A family office called me in to review and analyze a proposed premium finance deal. After gathering the details of what the family was trying to accomplish and requesting presentation materials, insurance ledgers and financing term sheets, I dove into it.
The advisors let me know that one of the primary things they wanted to understand was what their “bail out” option would be in 10 years. In other words, they wanted to understand their options in a worst case scenario, which is an important thing to get one’s arms around.
This plan was built around a 10 pay whole life contract and the collateral for the policy was to be an existing whole life contract on the same individual, the matriarch of the family. A part of my analysis was a historic comparison of whole life dividend, and how they move in relation to the interest rate markets, to LIBOR rates. An important and revealing aspect of this for the advisors was how the policy dividends really work and how they are applied.
What I discovered through the process was that the advisors were significantly misinformed about the inherent workings of a traditional whole life contract in a couple of different ways. This is very important because the premise of the deal was to make hay on the spread between the crediting rate of the policy and the loan rate for funds to pay the premiums. The deal was postured to appear that there was a spread when, in fact, no such spread existed.
In the presentation materials the loan rate was assumed to be very low at less than 4% and the dividend of the policy was shown to be 6.4%, which was actually true. There are a couple things that make these numbers not real. First, the loan rate would assuredly increase over time and this was not accurately accounted for and the dividend rate of the policy is not the same as the effective growth rate of the policy cash value.
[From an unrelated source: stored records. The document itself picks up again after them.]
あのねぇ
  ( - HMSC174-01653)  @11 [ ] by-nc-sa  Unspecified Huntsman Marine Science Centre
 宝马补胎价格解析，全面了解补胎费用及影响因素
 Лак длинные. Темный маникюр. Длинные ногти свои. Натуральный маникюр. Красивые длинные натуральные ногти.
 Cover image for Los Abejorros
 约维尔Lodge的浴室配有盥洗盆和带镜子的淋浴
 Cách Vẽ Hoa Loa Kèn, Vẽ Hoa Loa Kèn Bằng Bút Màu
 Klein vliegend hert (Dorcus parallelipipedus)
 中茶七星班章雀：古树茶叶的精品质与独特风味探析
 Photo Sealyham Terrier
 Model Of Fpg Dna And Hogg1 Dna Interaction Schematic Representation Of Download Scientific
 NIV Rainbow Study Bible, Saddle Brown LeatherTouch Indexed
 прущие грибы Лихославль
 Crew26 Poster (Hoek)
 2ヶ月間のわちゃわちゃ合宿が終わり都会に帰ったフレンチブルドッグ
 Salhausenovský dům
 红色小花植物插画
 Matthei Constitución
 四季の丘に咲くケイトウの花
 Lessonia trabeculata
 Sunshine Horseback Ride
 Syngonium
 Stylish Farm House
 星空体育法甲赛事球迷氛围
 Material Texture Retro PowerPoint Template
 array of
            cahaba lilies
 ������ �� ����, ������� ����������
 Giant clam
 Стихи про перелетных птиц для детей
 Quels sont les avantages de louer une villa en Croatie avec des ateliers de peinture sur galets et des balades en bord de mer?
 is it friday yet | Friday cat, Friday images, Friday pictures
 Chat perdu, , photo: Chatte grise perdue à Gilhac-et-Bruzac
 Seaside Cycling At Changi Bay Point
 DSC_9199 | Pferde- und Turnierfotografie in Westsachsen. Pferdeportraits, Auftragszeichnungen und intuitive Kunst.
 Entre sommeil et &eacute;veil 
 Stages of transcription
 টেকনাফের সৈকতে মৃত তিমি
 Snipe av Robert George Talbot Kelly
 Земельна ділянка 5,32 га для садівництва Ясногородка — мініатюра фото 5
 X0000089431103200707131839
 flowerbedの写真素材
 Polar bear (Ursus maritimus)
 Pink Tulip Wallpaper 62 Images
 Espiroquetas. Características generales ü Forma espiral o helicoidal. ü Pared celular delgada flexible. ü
How can the growth rate for the policy and the declared dividend rate of the policy not be the same? The answer is: Expenses. While the dividend rate is actually credited to the cash value, after all of the expenses, including commissions, overhead costs, mortality charges, policy fees, state taxes, etc, are deducted, the actual internal rate (IRR) of return on the premiums to cash value are only about half the declared dividend rate at the proposed point of roll out. At the 10 year point the IRR on premium to cash value was only a fraction of one percent, this after eight figures of premiums was poured into the contract.
What we have is reverse arbitrage, which I am sure no-one entering the contract was looking for. When the loan rate is, in realty, greater than the growth rate of the cash value, clearly the cash value cannot grow in excess of the loan in order to pay it back some day.
The bottom line is that the deal was going to be underwater from day one and continue to sink every day moving forward. When I evaluated the bail out option in year 10, not only would the new $20,000,000 policy be lost, if the collateralized cash value was used to pay back the loan, even the existing life insurance would be lost.
This was an absolute dumpster fire, a train wreck, an abomination of a financial shell game. But we caught it and moved on.